Saturday, September 18, 2010

A Defense of Whistling?

"Because girls and newsboys pipe ragtime without regard to the diatonic scale," wrote Schauffler, "why should my avocation be banned by polite society?"

Robert Haven Schauffler (1879-1964) was a cellist who became a successful journalist, writer and poet. He is best known for his colorful biographies including: Beethoven: The Man Who Freed Music (1929), The Unknown Brahms (1933), Florestan: The Life and Work of Robert Schumann (1945), and Franz Schubert: The Ariel of Music (1949).

He also wrote travel books, a series of books discussing and explaining holidays and observances: Thanksgiving (1907), Arbor Day (1909), and Washington's Birthday (1910).

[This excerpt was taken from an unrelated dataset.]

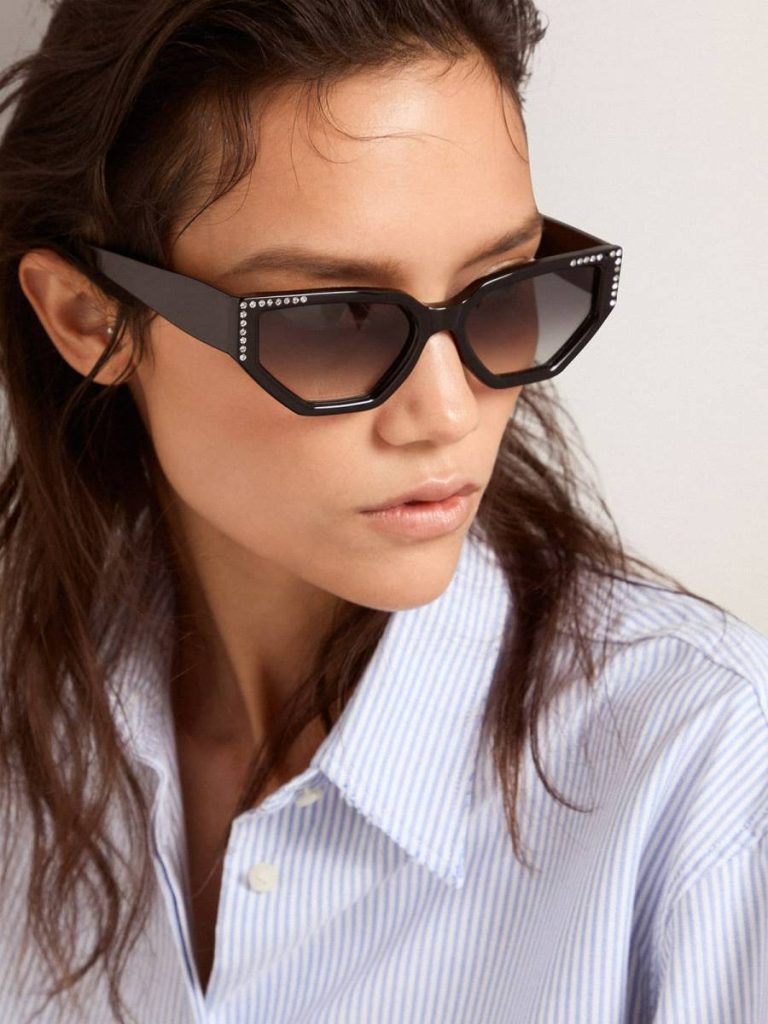 Black Women Sunglasses Sunglasses Rectangular Model With Black Frame And Crystals Golden Goose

I helped prepare an edition of his book on Christmas (1907) for Project Gutenberg in 2006.

His colorful essay, "A Defense of Whistling" was first published in the Atlantic Monthly in 1910 and the next year was reworked and included in his book called "The Musical Amateur."

"My avocation consists in whistling to myself the most beautiful melodies in existence, and I go about in a state of perpetual surprise that no one else does likewise. Never have I heard a passing stranger whistling anything worth while; but I have my plans all laid for the event... .I shall chime in with the second violin or cello part perhaps, or, if he has stopped, I shall pipe up the answering melody.

"The human whistle is the most delightfully informal of all instruments. It needs to inglorious lubrication of joints and greasing of keys like its dearest relative the flute. It is not subject to the vocalists eternal cold. It knows no inferno of tuning and snapping strings, nor does it need resin..

"One of the best qualities of the whistle is that it is so portable. The whistler…shall have music wherever he goes: and to carry about a wealth of Schubert and Beethoven and Chopin is more to me than much fine gold. Brahms is one of the most whistle-able of composers, and my two specifics for a blue Monday are to read Stevenson’s Letters and to whistle all the Brahms themes I can remember."